Against the backdrop of the escalating global trade wars, Mr. Godwin Emefiele, the governor of Central Bank of Nigeria, CBN, has urged Nigeria to take measures to protect the local economy.
Delivering the keynote address at the annual CBN seminar for Finance Correspondents and Business Editors in Lokoja, Kogi State on Wednesday, Emefiele hinted that the apex bank’s decision to restrict 41 items from accessing official foreign exchange resources two years ago was in line with this measure.
Earlier at the just-concluded Annual Meetings of the World Bank and International Monetary Funds, IMF, in Indonesia, Senator Udoma Udoma, the Minister of Budget and Planning, had told the global financial community that Nigeria was reviewing its stance on the African Continental Free Trade Area which the country could not sign, apparently due to possible threat it poses to the domestic economy
Emefele noted that selective protection was necessary to address the challenges confronting the nation’s economy.
He stated: “In today’s world, countries have used trade protection repeatedly as a policy to resolve negative perceptions and shocks in their respective countries’’.
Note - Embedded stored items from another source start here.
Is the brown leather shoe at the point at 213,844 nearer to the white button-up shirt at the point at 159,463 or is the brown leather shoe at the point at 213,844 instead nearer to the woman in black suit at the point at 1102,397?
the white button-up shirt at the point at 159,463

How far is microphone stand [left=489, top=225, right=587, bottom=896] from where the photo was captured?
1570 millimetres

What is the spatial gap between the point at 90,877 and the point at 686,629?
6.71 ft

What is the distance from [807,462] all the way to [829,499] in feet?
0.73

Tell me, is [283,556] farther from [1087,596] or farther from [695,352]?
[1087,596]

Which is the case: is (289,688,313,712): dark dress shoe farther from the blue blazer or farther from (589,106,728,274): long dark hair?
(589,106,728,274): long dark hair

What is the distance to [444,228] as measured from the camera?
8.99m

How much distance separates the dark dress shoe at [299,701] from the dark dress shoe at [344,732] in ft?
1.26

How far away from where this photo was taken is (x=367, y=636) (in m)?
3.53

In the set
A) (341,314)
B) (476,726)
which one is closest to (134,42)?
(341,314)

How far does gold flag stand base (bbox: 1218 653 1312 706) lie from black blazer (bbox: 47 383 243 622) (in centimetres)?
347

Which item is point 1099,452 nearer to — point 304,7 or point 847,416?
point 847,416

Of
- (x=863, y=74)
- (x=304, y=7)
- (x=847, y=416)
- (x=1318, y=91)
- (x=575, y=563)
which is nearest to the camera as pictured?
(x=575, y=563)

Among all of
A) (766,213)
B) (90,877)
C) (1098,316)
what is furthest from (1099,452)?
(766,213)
Posing a rhetorical question on the circumstances prevailing against free trade, Emefiele queried: ‘‘Should Nigeria, with insatiable taste for foreign goods to the detriment of the domestic economic realities (unemployment and imported inflation), throw its borders open to indiscriminate importation of goods and services?
“This was the prevailing condition in Nigeria before the introduction of restriction of official foreign exchange for the importation of some 41 items. It was an eclectic policy, carefully crafted with a view to reversing the multiple challenges of dwindling foreign reserves, contracting Gross Domestic Product GDP-recession and an embarrassing rise in the level of unemployment, confronting the economy.
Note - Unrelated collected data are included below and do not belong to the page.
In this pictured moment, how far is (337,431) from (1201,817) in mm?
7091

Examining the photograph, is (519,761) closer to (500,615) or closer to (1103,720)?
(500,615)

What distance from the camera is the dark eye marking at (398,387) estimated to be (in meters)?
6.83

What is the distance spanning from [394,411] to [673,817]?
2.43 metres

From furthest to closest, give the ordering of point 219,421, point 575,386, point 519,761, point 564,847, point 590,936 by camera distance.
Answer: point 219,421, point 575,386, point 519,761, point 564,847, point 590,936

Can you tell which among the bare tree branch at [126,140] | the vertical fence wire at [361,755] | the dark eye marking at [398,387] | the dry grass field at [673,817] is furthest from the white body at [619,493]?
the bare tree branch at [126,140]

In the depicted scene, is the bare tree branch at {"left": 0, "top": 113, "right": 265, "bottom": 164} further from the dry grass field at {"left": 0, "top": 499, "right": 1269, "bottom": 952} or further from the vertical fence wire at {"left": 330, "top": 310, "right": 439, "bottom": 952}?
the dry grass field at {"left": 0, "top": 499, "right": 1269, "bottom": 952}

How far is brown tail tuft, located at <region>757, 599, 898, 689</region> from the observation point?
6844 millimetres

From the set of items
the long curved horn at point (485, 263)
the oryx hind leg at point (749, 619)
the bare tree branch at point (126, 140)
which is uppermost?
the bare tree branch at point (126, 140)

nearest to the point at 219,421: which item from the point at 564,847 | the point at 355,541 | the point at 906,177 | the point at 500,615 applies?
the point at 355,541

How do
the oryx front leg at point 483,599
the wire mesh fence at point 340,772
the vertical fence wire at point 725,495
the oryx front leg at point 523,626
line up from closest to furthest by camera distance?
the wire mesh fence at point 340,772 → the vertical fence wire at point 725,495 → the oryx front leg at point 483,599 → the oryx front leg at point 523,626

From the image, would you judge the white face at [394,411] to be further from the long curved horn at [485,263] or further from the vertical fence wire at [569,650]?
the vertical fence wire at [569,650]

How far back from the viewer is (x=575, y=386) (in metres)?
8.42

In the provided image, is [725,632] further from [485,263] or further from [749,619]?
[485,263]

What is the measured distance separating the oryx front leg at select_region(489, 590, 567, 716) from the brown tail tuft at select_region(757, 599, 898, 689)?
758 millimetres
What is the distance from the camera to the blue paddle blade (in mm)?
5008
“The implementation of the 41 items, in addition to the other complementary macro-economic policies, no doubt, was effective in lifting the Nigerian economy out of recession.’’
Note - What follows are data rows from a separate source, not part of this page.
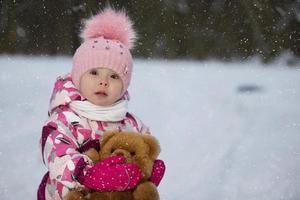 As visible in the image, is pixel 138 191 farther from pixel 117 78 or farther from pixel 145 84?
pixel 145 84

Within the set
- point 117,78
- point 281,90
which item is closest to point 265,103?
point 281,90

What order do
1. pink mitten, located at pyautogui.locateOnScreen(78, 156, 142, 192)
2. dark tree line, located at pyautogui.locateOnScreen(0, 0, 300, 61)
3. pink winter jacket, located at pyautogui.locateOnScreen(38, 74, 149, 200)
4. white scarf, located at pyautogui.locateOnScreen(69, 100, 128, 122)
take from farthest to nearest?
1. dark tree line, located at pyautogui.locateOnScreen(0, 0, 300, 61)
2. white scarf, located at pyautogui.locateOnScreen(69, 100, 128, 122)
3. pink winter jacket, located at pyautogui.locateOnScreen(38, 74, 149, 200)
4. pink mitten, located at pyautogui.locateOnScreen(78, 156, 142, 192)

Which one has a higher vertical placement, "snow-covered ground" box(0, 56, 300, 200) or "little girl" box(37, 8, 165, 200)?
"little girl" box(37, 8, 165, 200)

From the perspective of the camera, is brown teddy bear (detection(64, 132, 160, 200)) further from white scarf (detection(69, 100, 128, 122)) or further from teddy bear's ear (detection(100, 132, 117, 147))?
white scarf (detection(69, 100, 128, 122))

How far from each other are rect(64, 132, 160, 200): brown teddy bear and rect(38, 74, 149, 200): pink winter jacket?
5 cm

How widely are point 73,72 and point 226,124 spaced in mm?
2459

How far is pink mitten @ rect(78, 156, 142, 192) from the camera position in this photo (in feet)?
5.77

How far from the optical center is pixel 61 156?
189cm

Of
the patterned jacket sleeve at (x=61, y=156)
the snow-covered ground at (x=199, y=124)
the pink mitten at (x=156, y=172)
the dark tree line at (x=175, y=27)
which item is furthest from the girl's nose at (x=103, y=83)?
the dark tree line at (x=175, y=27)

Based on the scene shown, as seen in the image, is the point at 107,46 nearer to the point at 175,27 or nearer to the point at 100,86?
the point at 100,86

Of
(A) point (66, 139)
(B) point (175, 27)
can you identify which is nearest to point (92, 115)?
(A) point (66, 139)

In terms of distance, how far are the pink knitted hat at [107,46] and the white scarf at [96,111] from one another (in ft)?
0.29

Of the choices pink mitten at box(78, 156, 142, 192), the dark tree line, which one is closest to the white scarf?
pink mitten at box(78, 156, 142, 192)

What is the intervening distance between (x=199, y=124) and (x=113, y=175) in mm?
2635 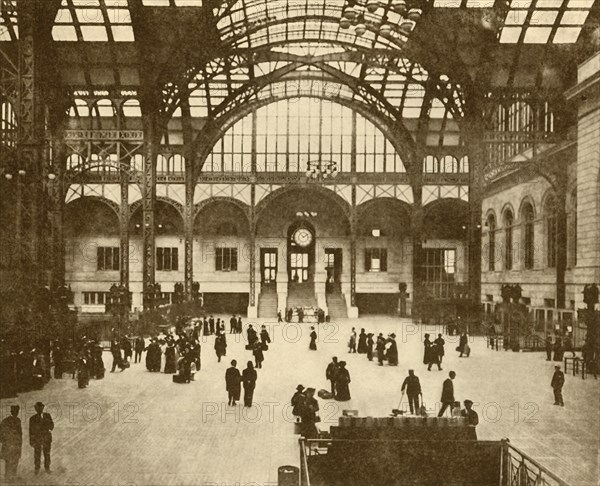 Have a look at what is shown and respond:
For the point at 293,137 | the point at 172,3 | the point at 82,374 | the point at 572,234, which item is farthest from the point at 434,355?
the point at 293,137

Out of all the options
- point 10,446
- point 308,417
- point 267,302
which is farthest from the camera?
point 267,302

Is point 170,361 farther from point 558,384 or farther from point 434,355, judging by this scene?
point 558,384

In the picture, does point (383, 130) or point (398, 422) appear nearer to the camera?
point (398, 422)

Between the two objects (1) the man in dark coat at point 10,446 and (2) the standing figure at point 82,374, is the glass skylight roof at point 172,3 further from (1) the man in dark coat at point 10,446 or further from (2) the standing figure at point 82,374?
(1) the man in dark coat at point 10,446

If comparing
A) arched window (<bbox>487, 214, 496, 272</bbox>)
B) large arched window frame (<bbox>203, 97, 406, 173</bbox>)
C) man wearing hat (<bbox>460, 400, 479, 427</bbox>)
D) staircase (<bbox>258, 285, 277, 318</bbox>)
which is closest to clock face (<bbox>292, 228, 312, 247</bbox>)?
staircase (<bbox>258, 285, 277, 318</bbox>)

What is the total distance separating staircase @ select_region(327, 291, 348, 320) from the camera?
143ft

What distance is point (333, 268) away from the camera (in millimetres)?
47812

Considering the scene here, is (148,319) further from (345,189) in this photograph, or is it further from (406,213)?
(406,213)

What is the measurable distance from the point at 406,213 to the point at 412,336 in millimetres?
16314

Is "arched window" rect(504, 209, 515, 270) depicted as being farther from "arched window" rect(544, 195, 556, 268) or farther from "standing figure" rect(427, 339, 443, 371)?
"standing figure" rect(427, 339, 443, 371)

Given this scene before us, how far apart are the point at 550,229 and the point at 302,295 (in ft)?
54.0

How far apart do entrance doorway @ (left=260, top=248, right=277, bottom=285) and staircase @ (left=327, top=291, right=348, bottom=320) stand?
438 cm

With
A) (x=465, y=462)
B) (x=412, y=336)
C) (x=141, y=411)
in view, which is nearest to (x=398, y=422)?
(x=465, y=462)

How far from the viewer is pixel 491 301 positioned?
42.8 meters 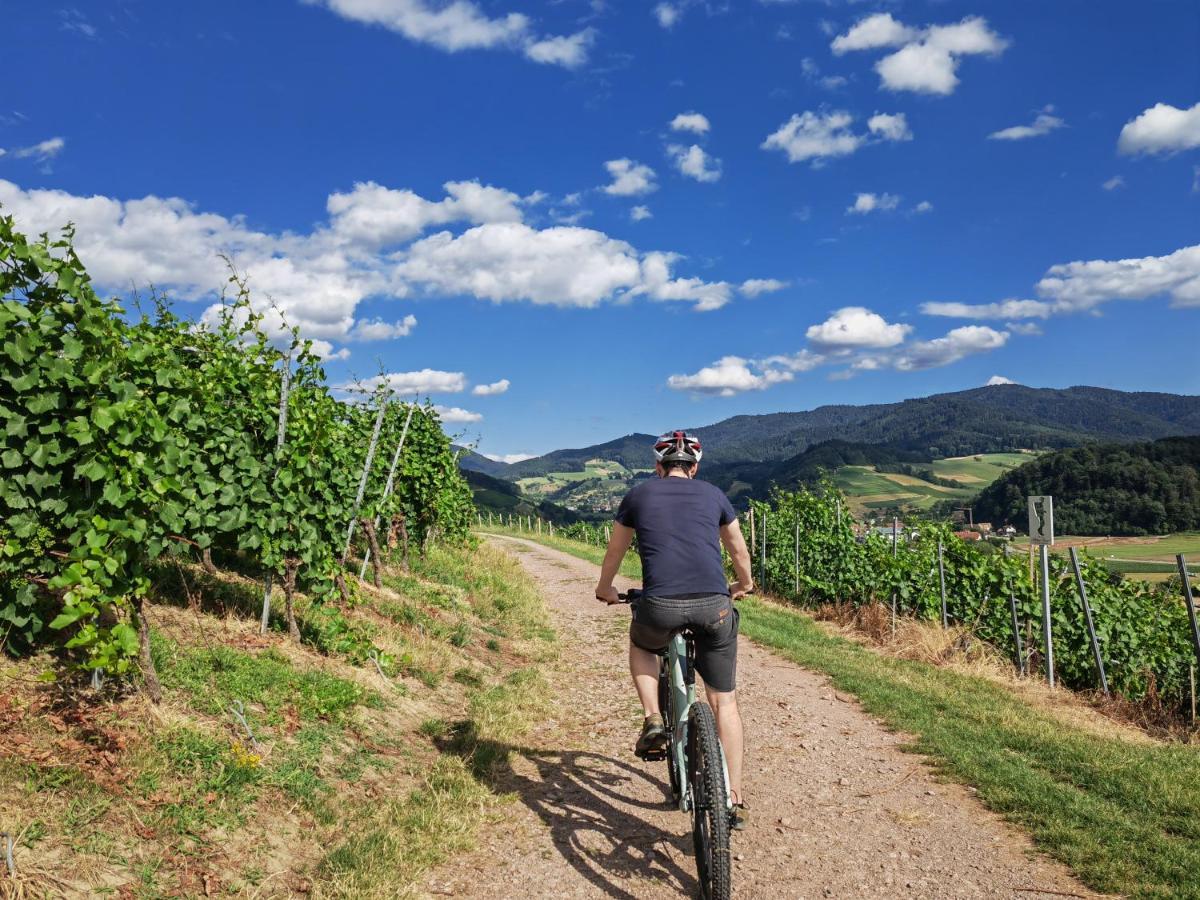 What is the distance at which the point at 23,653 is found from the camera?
201 inches

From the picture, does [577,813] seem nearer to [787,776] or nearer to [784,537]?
[787,776]

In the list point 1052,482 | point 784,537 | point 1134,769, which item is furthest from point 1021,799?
point 1052,482

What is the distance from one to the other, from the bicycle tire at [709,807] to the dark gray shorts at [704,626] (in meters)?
0.24

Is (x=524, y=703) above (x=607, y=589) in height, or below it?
below

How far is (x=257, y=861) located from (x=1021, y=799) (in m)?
5.18

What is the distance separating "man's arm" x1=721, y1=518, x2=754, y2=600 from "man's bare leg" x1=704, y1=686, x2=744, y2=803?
2.17 ft

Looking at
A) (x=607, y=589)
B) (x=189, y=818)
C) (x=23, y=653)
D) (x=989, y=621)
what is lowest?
(x=989, y=621)

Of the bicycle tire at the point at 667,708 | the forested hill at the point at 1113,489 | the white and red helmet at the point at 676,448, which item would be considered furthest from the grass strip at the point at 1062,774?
the forested hill at the point at 1113,489

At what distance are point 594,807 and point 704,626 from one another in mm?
2200

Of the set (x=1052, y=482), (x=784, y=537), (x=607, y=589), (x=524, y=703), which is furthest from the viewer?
(x=1052, y=482)

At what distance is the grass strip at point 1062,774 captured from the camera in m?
4.34

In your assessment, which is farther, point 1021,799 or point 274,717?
point 274,717

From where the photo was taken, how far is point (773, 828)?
5062 millimetres

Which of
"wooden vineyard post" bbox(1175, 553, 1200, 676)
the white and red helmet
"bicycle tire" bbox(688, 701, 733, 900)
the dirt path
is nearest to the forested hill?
"wooden vineyard post" bbox(1175, 553, 1200, 676) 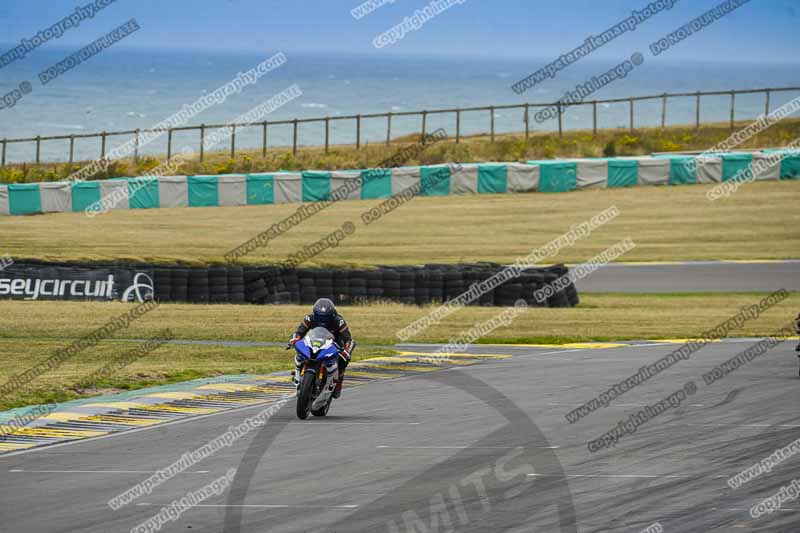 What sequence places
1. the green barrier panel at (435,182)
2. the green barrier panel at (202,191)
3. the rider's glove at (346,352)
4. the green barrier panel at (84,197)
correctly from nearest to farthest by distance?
the rider's glove at (346,352) → the green barrier panel at (84,197) → the green barrier panel at (202,191) → the green barrier panel at (435,182)

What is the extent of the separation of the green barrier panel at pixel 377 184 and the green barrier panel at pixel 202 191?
588cm

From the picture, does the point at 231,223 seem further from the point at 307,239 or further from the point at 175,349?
the point at 175,349

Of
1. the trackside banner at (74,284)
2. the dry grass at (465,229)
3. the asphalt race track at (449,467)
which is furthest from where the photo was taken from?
the dry grass at (465,229)

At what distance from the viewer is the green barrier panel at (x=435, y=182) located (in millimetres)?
48156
Emefiele listed the policy outcomes of the restrictive measures to include ‘‘the real GDP grew by 1.40 per cent in the third quarter of 2017, up from 0.72 per cent, and contraction of 0.91 per cent in the second and first quarter of 2017, respectively. Also, there has been improved reserve accretion to the country’s reserve.
“Given these salutary effects on the economy; it can be argued that the stance of classical economists argued that trade protectionism notwithstanding, to override the utility of selective protection in form of the 41 items to resolve the challenges facing the economy can hardly be overemphasized.
“Pragmatic economic nationalism therefore, would ordinarily vote in favour of protecting the domestic economy, as long as it does not infringe upon the tenets of ‘beggar-thy-neighbour’ policies.”